« Excusez-moi… Auriez-vous un stylo ?
– Oh… Oui… Je dois avoir ça… »
Elle se mit à fourrager dans son sac à main. Elle avait justement utilisé son stylo cinq minutes plus tôt et elle savait d’avance que cinq minutes, ce serait le temps qu’il lui faudrait pour retrouver cet objet; mais trop tard elle avait dit oui à l’homme, elle ne pouvait pas abandonner cette recherche exaspérante, à l’intérieur de ce fichu sac qu’elle procrastinait toujours à ranger. Changer de sac pour un plus petit : ça aussi elle remettait au lendemain. Elle disait toujours : « plus le sac est grand et moins on trouve les choses », citation qui se vérifiait présentement tandis qu’elle sentait dans sa nuque le regard de cet homme, attendant patiemment son stylo. C’était un samedi matin. La ville était dans son effervescence hebdomadaire : celle des samedi de marché. Centre ville bondé de voitures, personnes conduisant comme des pieds ou stationnant leur véhicule avec impertinence ou stupidité, odeurs de saucisses grillées. Elle même avait tourné un moment avant de finalement garer sa voiture devant une borne « 15 minutes maxi ». Elle avait haussé les épaules en claquant la portière « bof comment sauraient-ils… » et puis elle avait vu la couleur de la borne changer, passer au vert, enclenchant un compte à rebours qui la stressa brusquement comme celui d’une bombe à retardement. Quand elle passa la porte d’entrée automatique de la poste et qu’elle aperçut la longue file d’attente au guichet « Retrait colis », elle soupira découragée. Elle hésita entre tourner les talons et tenter tout de même sa chance. Elle n’était guère le genre de femme à baisser les bras. Bien que les 15 minutes imposées par la borne de parking ne semblaient pas suffire pour venir à bout de la file de personnes grognantes et grisonnantes – Pourquoi faut-il que les files d’attente soient d’ailleurs toujours nourries de personnes âgées qui n’ont rien d’autre à faire que patienter et ce dès les heures les plus matinales ? – elle avait prit sa place dans la queue.

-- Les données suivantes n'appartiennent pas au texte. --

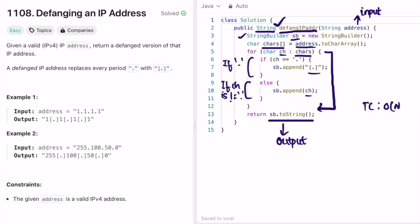The time complexity of this approach is O(n), where n is the length of the input address. The space complexity is O(n) because we are using a StringBuilder to form our output. It is better to use a StringBuilder than directly appending to a string, because StringBuilder insertions take O(1) time inside a loop, whereas appending to a new string takes O(n) time inside a loop. That's it, guys — thank you for watching, and I'll see you in the next video.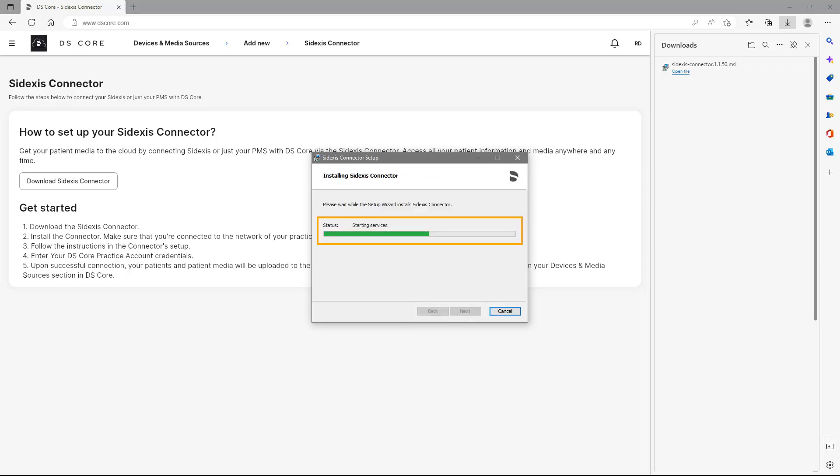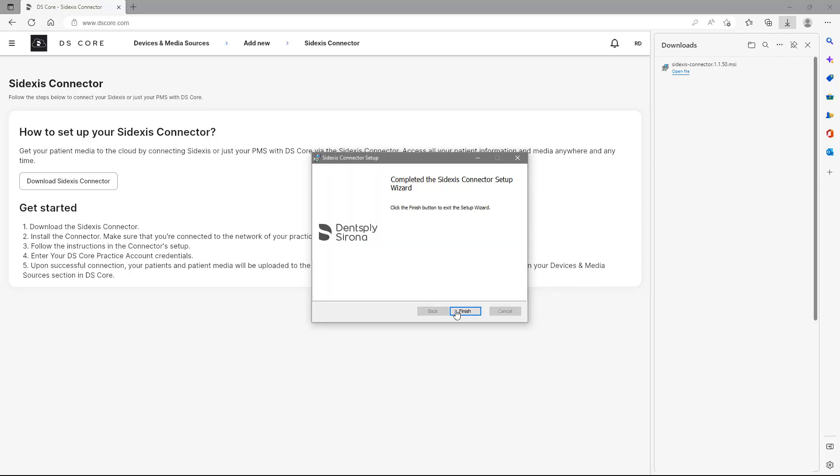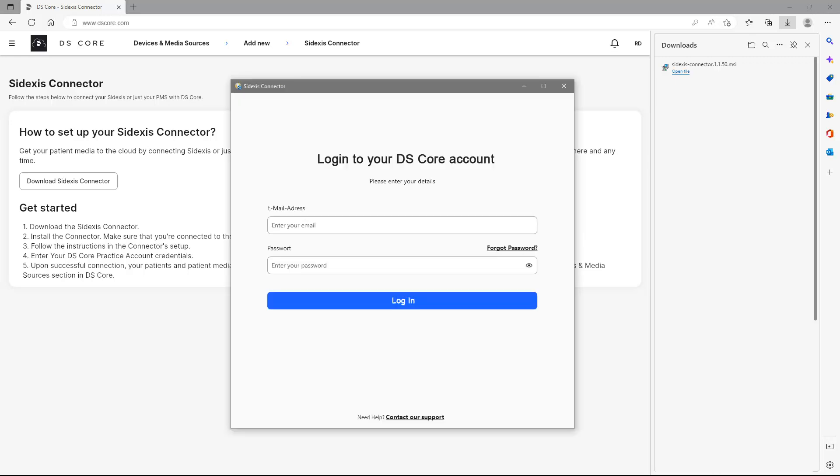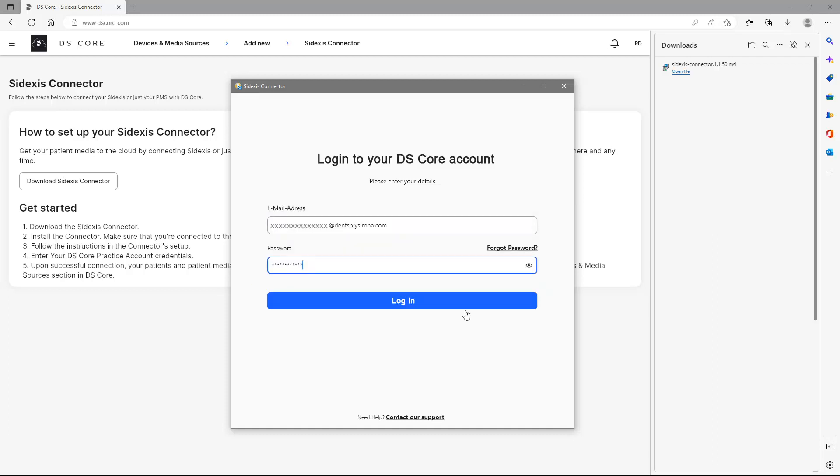The green bar displays the status of the installation. As soon as the installation is completed, we tap on Finish. Now, we will enter our DS Core practice account credentials and confirm with Login.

Elle trouva le stylo dans son sac et le tendit à l’homme de couleur noire qui tenait entre ses mains une enveloppe à bulles. Elle saisit rapidement en un coup d’oeil son allure. Il était grand, les cheveux ras, des lunettes aux montures très épaisses sur un nez épaté, des baskets bien trop blanches aux pieds.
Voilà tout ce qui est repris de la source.